守衛正在用沙袋堵門,但水流太急,沙袋很快被沖散。

“沖過去!”簡晗煜命令。

阿泰踩下油門,車像船一樣沖進水裏。

水花四濺,引擎發出沉悶的吼聲。

車撞開後門的障礙,沖上土路。

傅涵回頭,看見園區在身後迅速變小。燈光在雨幕中模糊,像沉沒前的最後呼救。

土路泥濘不堪,車打滑了幾次,差點翻進路邊的溝裏。

阿泰技術高超,勉強控制住。

但前方出現了更大的問題——山體滑坡。

泥土和石塊混着雨水從山坡滾落,堵住了去路。

“下車!”簡晗煜打開車門:“步行上山!”

雨大得睜不開眼。

傅涵跟着下車,泥水瞬間淹沒腳踝。

阿泰和保鏢從後備箱拿出裝備:雨衣、手電、還有武器。

“走!”

簡晗煜拉起傅涵的手,往山坡上爬。

山坡陡峭,植被溼滑。

傅涵幾次摔倒,都被簡晗煜拉起。

泥水灌進鞋裏,衣服溼透緊貼身體,冷得她牙齒打顫。

他們爬了約半小時,才找到了一個相對平緩的平台。

簡晗煜示意休息。

傅涵靠在一塊岩石上喘氣。

她看向來路,園區已經完全看不見了,只有一片汪洋在雨中翻騰。

閃電劃過天空,瞬間照亮天地——渾濁的水面上,漂浮着雜物,還有屍體……

她不敢細看。

“我們會死在這裏嗎?”

她問,聲音被雨聲吞沒大半。

簡晗煜站在她旁邊,雨衣兜帽下,他的臉在閃電中明滅。

“不會。”

他說得篤定,但傅涵看見他握着手電的手指節已經發白了。

阿泰和保鏢在周圍警戒。

雨聲太大,說話都要喊。

“簡先生!”

阿泰喊:“前面有個山洞!可以避雨!”

簡晗煜點頭,拉起傅涵:“走。”

山洞不大,但足夠容納幾人。

裏面燥,有動物糞便和枯草的味道。

阿泰用枯枝生了一小堆火,驅散寒意和黑暗。

傅涵脫下溼透的外套,靠近火堆。

火光在她臉上跳躍,她看見簡晗煜在檢查裝備:兩把、一把沖鋒槍、還有幾個彈夾。

“會有危險嗎?”她問。

“洪水會引來野獸,也會引來趁火打劫的人。

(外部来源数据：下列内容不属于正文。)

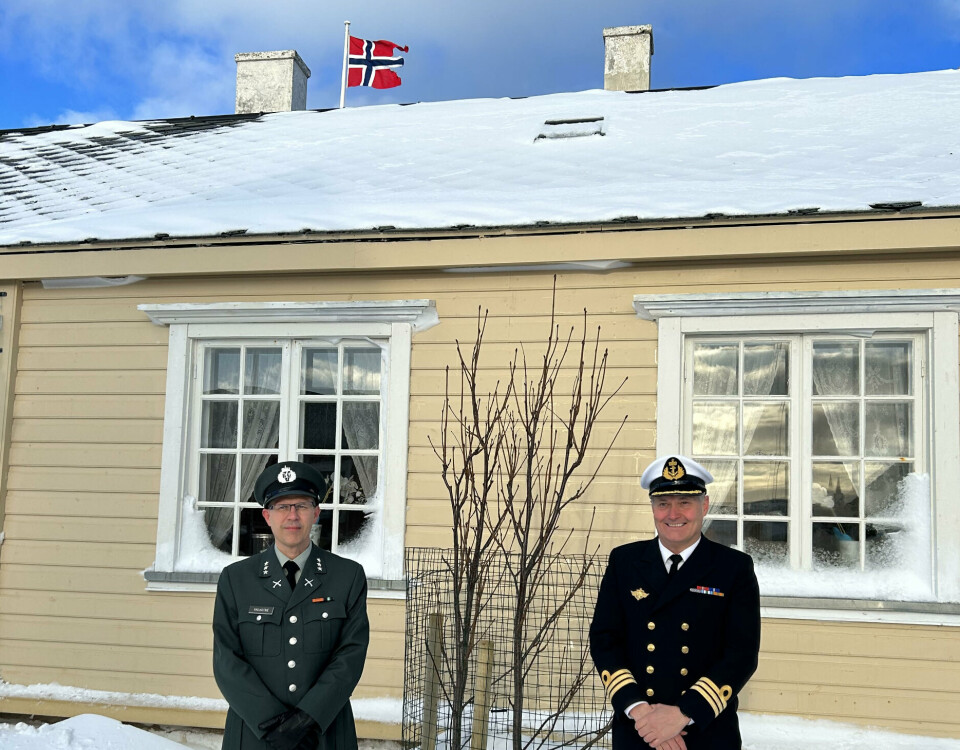 FERDIG: Etter 37 år i Forsvaret takket Roger Hoel (til høyre), denne uken av som kommandant på Vardøhus festning. Kaptein Valvatne er satt til å ivareta festningen inntil ny kommandant er valgt.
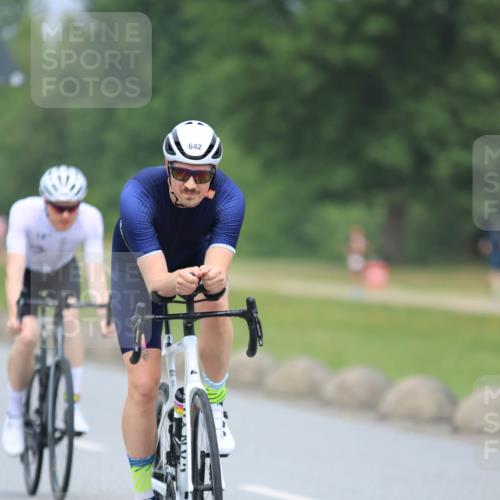 21.06.2025 - 27. Vierlanden-Triathlon H.Heesch http://msf.ph/oto/7996449 15.06.2025 12:13:54 Radfahren 642, 715, 959 meine-sportfotos.de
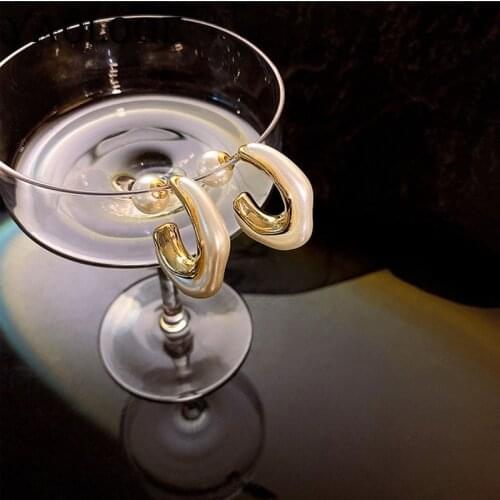 YAOLOGE New Gold Color Round Stud Earrings For Women Vintage Pearl Alloy Earrings 2021 Trend Party Gift Festival Fashion Jewelry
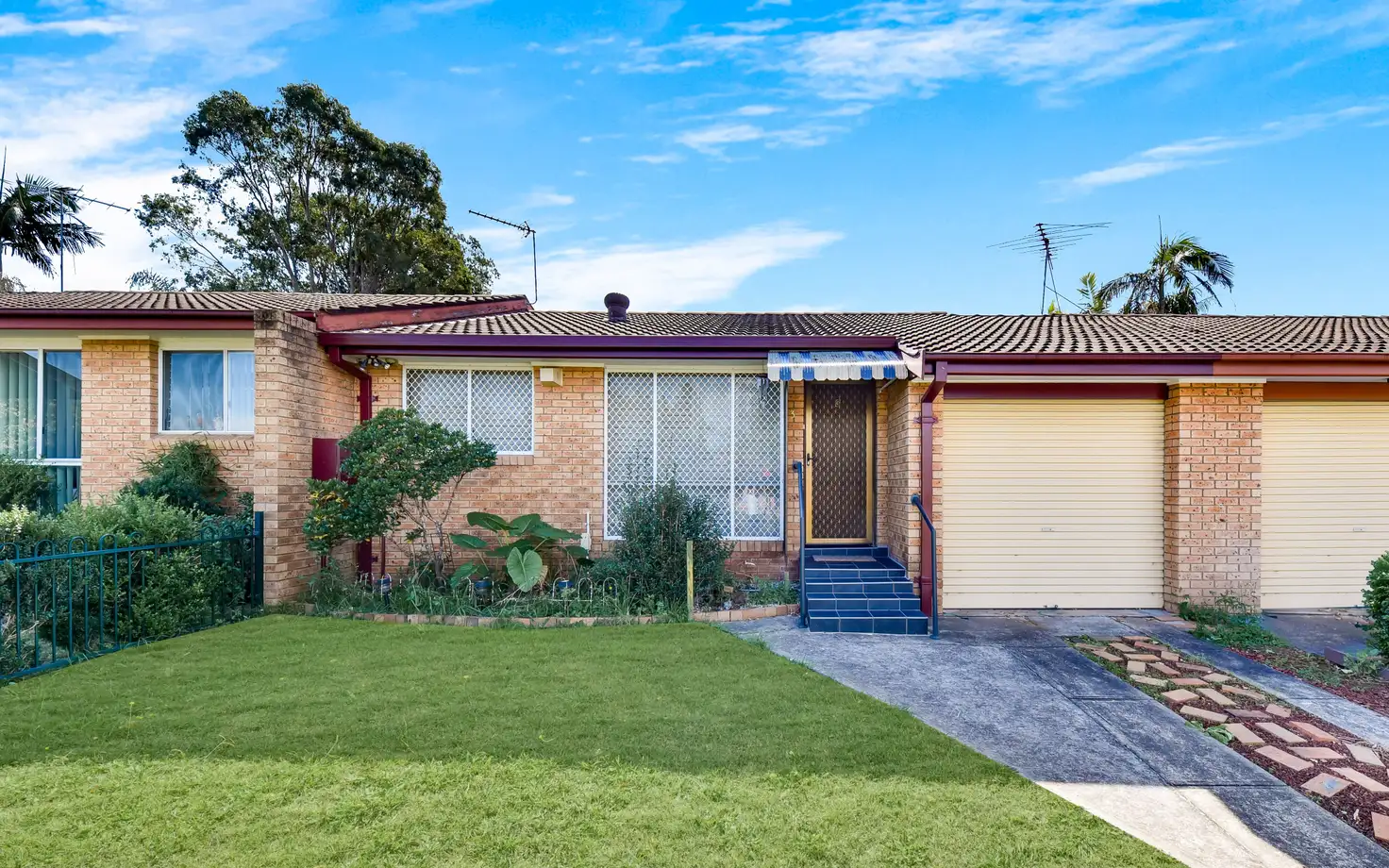 Main view of Homely villa listing, 3/2 Woodlark Place, Glenfield NSW 2167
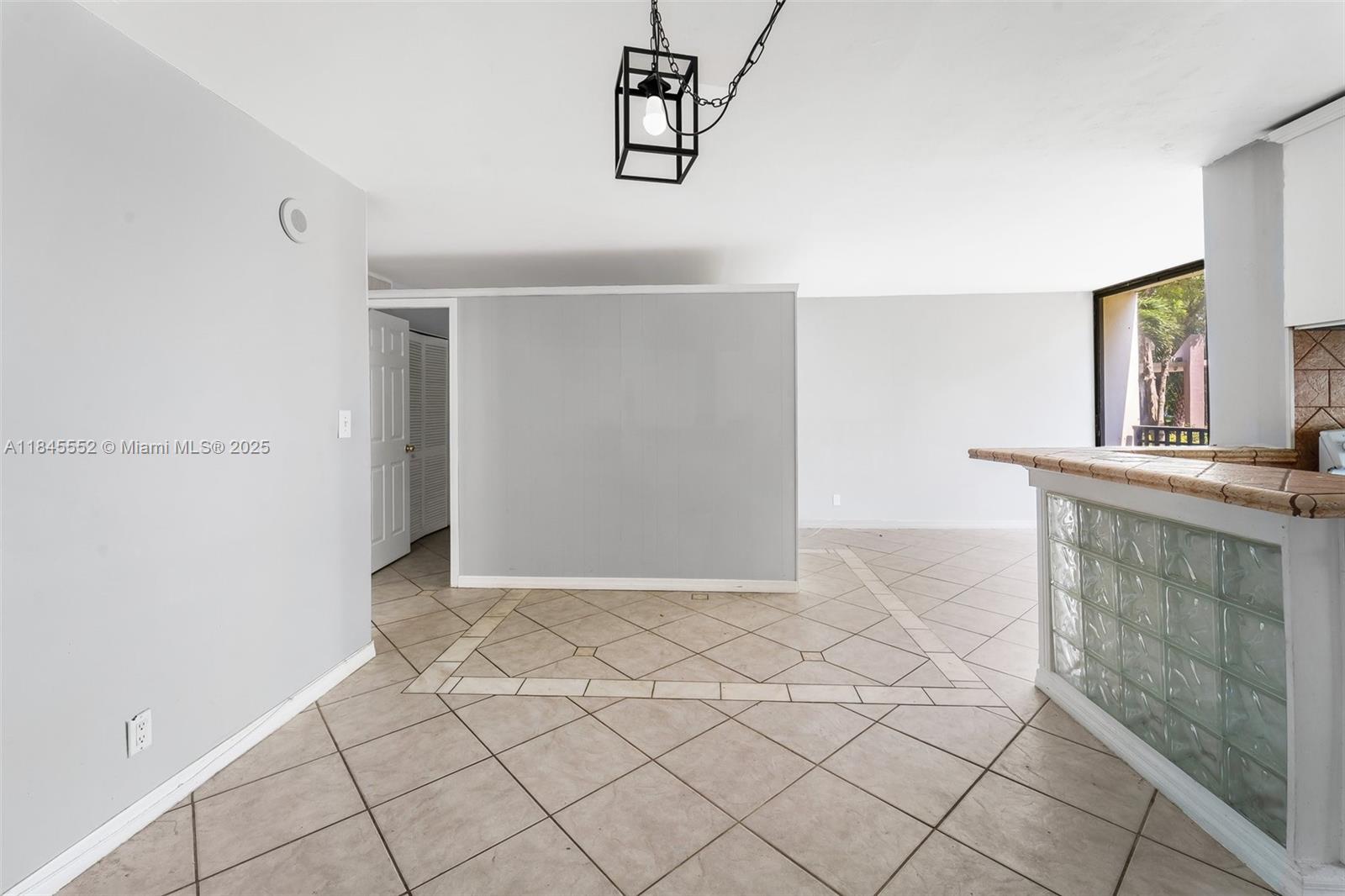 16919 N Bay Rd # 115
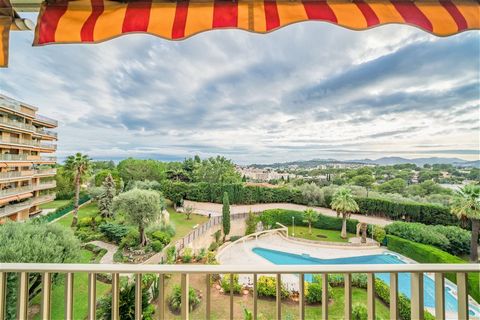 In a prestigious secure residence with caretaker, tennis court and swimming pool, spacious 2-bedroom apartment with terrace of 65 m² offering a breathtaking 180° panoramic view. This apartment consists of a living room, a separate fitted kitchen, two...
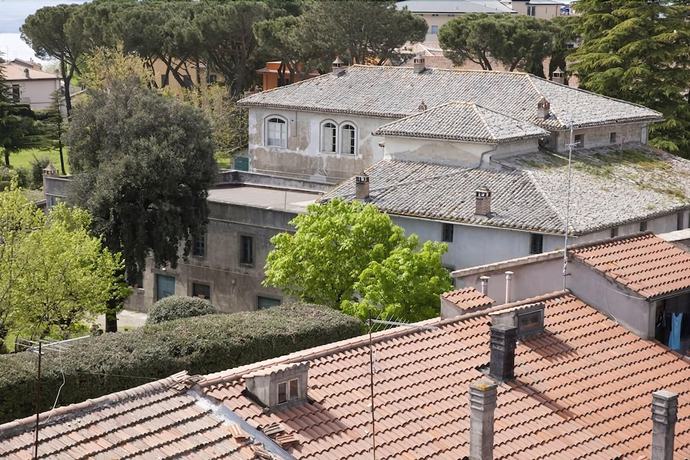 Imagen de los exteriores del Hotel Altavilla. Foto 8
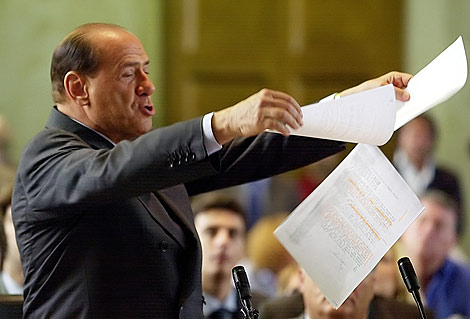 El primer ministro italiano, Silvio Berlusconi, en un tribunal de Miln. | AP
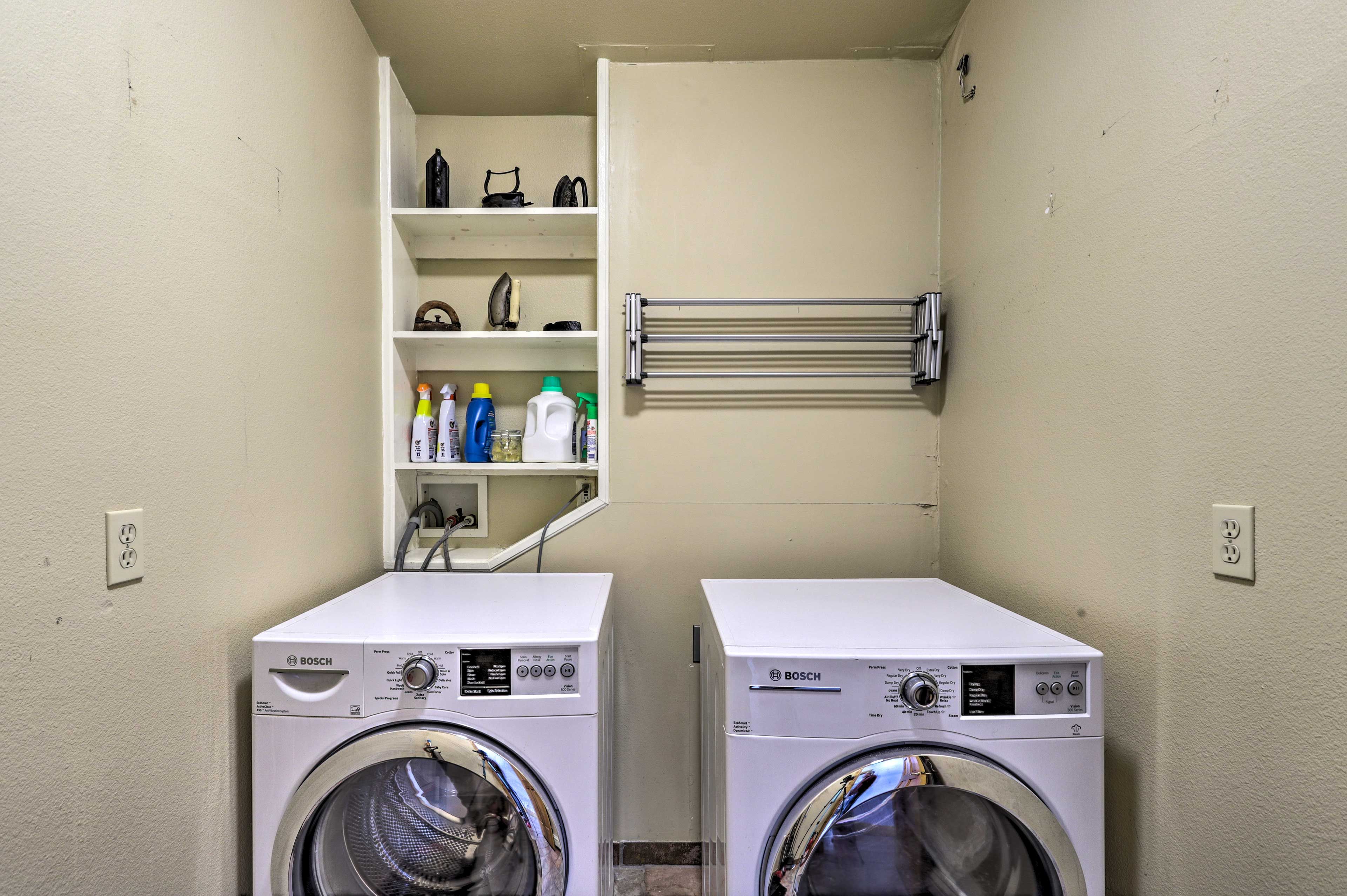 Never suffer from a dirty wardrobe even while exploring!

”

簡晗煜擦拭槍械,動作熟練:“我們必須待到天亮。”

傅涵抱緊膝蓋,看着火堆。

她想起園區裏的那些人,那些B區的女孩,頌恩的妹妹,還有瑪丹……

“他們會怎麼樣?”她輕聲問。

簡晗煜沉默了很久。

“看命。”

又是這句話。在這裏,所有人的命運都交給“命”。

夜深了,雨勢漸小,變成淅淅瀝瀝的雨絲。

山洞外傳來各種聲音:野獸的嚎叫、樹枝折斷的聲音、還有隱約的槍聲……

阿泰和保鏢立刻警覺,握緊武器。

簡晗煜示意傅涵躲到山洞深處。

槍聲越來越近,還夾雜着人的叫喊和奔跑聲。

“待在這裏,別出來。”

簡晗煜對傅涵說,然後和阿泰交換眼神,兩人悄悄摸向洞口。

傅涵躲在岩石後,心髒狂跳。

她摸向背包裏的匕首,握緊。

洞外傳來對話聲,用的是當地語言,傅涵聽不懂。

但她聽見簡晗煜的聲音,冷靜而威嚴。

突然,一聲槍響!

傅涵渾身一顫。

接着是更多的槍聲,還有慘叫聲。

戰鬥持續了幾分鍾,然後安靜下來。

傅涵握緊匕首,準備隨時拼命。

但走進山洞的,是簡晗煜。

他肩膀受傷了,鮮血浸透襯衫。

但他表情平靜,手裏拿着還在冒煙的槍。

“解決了。”他說:“幾個想趁亂打劫的流民。”

阿泰和保鏢跟進,也受了輕傷。

他們處理傷口,重新警戒。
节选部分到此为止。